Maintenance issues and an explanation
Update: ETA is within the next day or day and a half to be fully caught up.
Update (Feb 4th, 2:50 AM): Seeing good stability across new infrastructure and we’re crunching data a lot faster.
Update (Feb 4th, 7:35 PM): Processing through the backlog of data. It’s about 1 day backed up however you should see data before Feb 3rd 17:00:00 UTC at least.
Update (Feb 6th, 11:56 PM): We are now back to real-time and all systems are stable.
For the past few days many of our customers must be wondering what’s been
going on with Mixpanel and why they have been seeing a lot of red percentages
and zeroes. The truth is a combination of factors stemming from simply trying
to scale to the large volume data that we process in real-time–it’s never
been easy and at each step we have to get innovative and diagnose problems.
The good news is, we’ve been getting better at this as time goes.
We diagnosed our problems about 1.5 months and had a plan of action to scale
parts our system out again in the smoothest way possible. The goal was not to
just scale out the system and augment performance by a huge order of magnitude
but it was to do so in a manner in which our customers wouldn’t even notice.
We certainly failed at the latter goal. The problem was that we were forced to
roll out the new system sooner than expected to handle scale which didn’t
provide enough time to thoroughly vet some of the systems and issues we have
been able to work through under less stress.
If we’ve lost you as a customer or you’re uneasy with doing your analytics
with us I would ask that you reconsider. When things like this happen you can
be sure we’re absolutely getting the least amount of sleep physically
(sometimes none) possible till we fix the problems that hurt our reputation as
a company.
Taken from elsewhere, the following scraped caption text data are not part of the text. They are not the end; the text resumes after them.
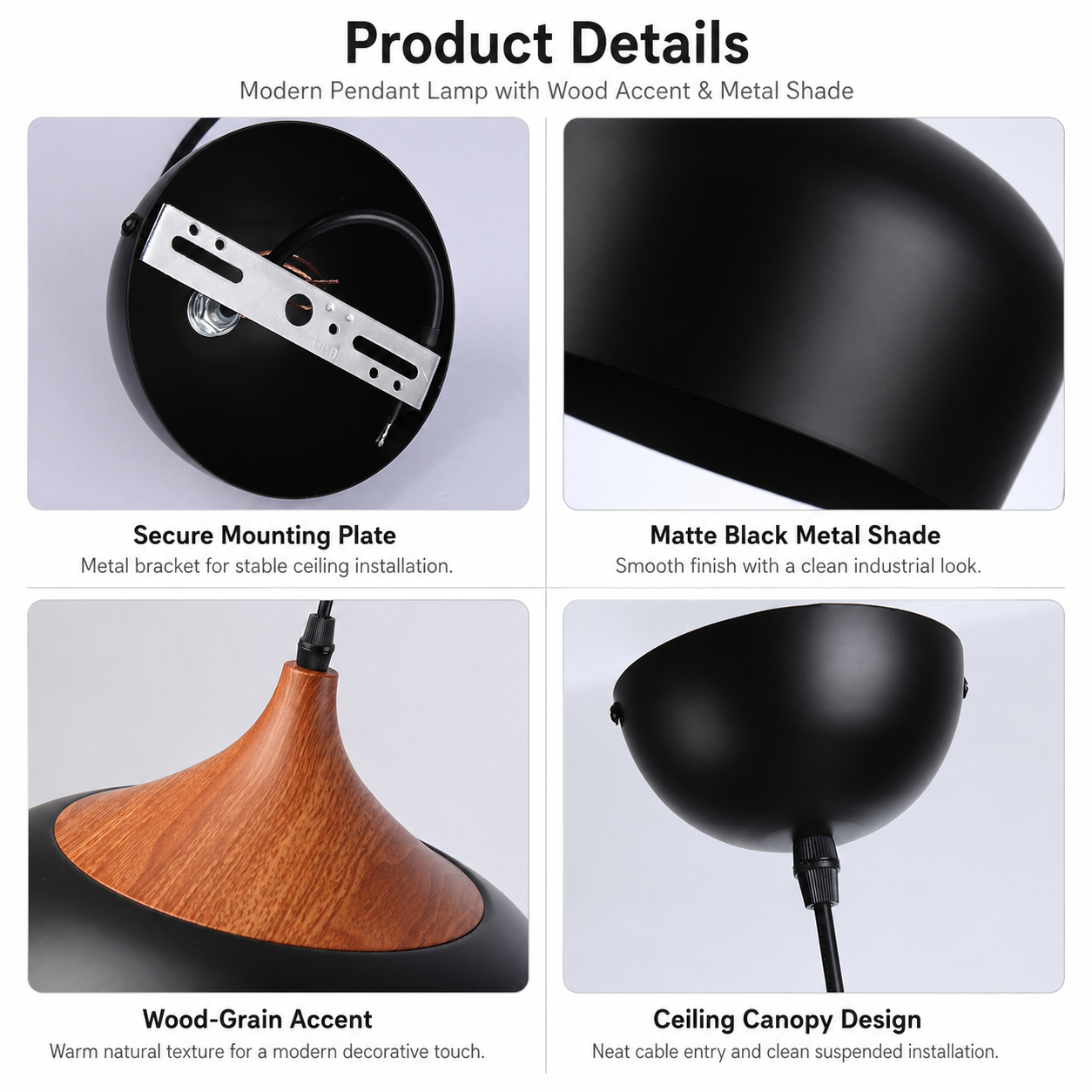 Detalles de una lámpara colgante moderna con detalles de madera y metal.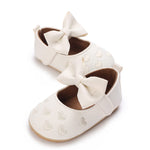 LAFEGEN Baby Girls Mary Jane Flats with Bownot Non Slip Soft Sole PU Leather Newborn Infant Toddler First Walker Cirb Dress Shoes(12-18 Months Toddler 21 White)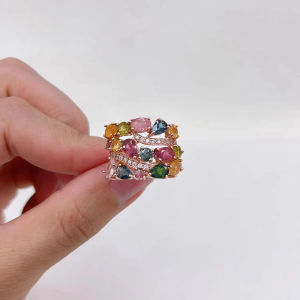 Rose Gold Color Rainbow Colorful Cubic Zirconia Ring for Women Luxury Wedding Pink Goold Finger Ring Vintage Party Jewelry Gift
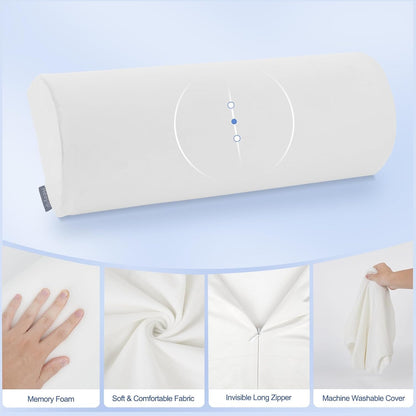 Knee Pillow for Back Sleeping, Memory Foam Bolster Pillow for Legs, Under Knee Pillow for Sleeping, Leg Pillow for Back & Hip Pain Relief, Half Moon Boslter, White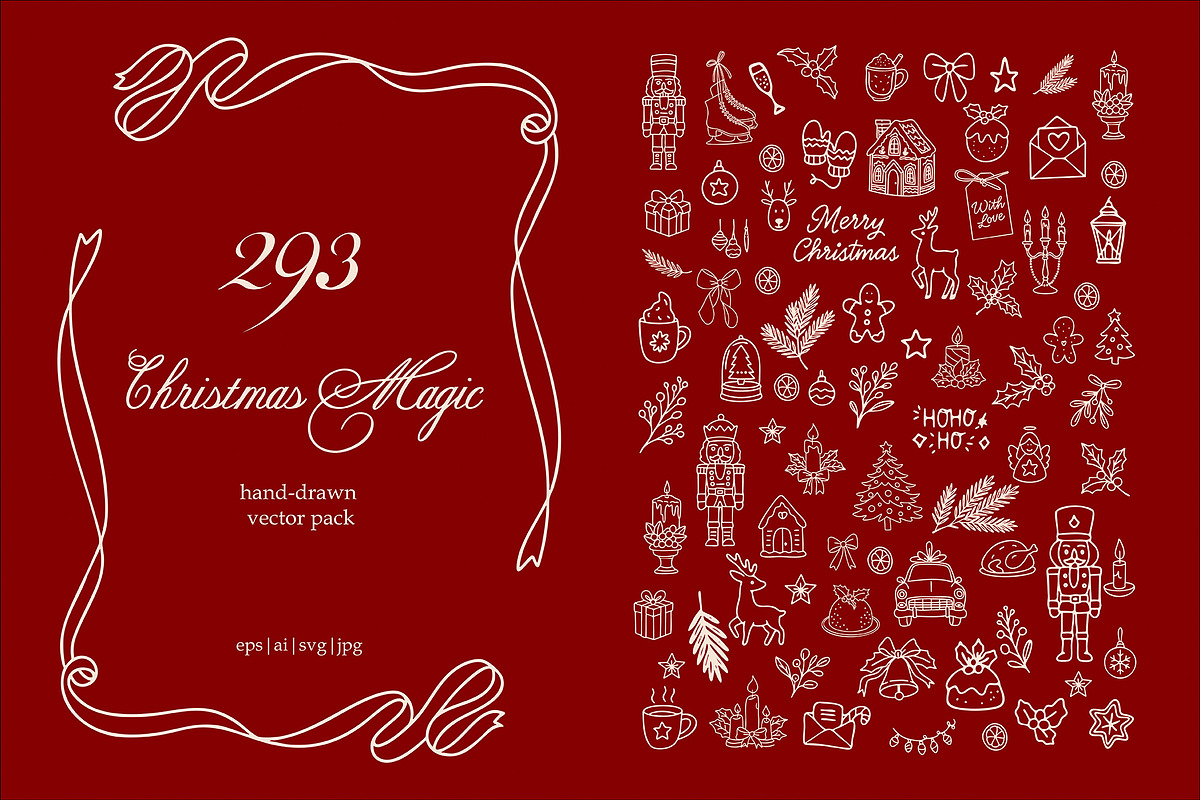 Whimsical Christmas Illustration Set, a Seasonal Illustration by SunnJaneArt (Photo 1 of 13)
Also, we’ve reached a huge milestone with the new infrastructure
we’ve rolled out to the point where we can focus on creating a reliable
service capable of handling an extremely large data volume in real-time. In
our opinion, things will only get better at this point and we’re the kind of
startup that tends to rise to the challenge no matter what.
If we’ve learned anything from this process we learned to be much more
proactive and providing lots of status updates about what’s going on since we
know you rely on us for your business day to day. We’re sorry for not doing
that better. If there’s anything else you wish to add, please leave us a
comment or email us at firstname.lastname@example.org.
To address any of your concerns right away:
- There was no data loss.
- We’re working through a backlog of data that could take an additional 1-1.5 days before we get to-the-second real-time again.
- Retention tables/charts have been reset–this was a planned side effect not a result from problems we’ve been having.
- You should see new data in your report pages being crunched over the past days or hours that have been missing constantly.
We sincerely apologize for the problems we’ve had over the past days and we’ll
be working on ways to prevent things like that from happening again.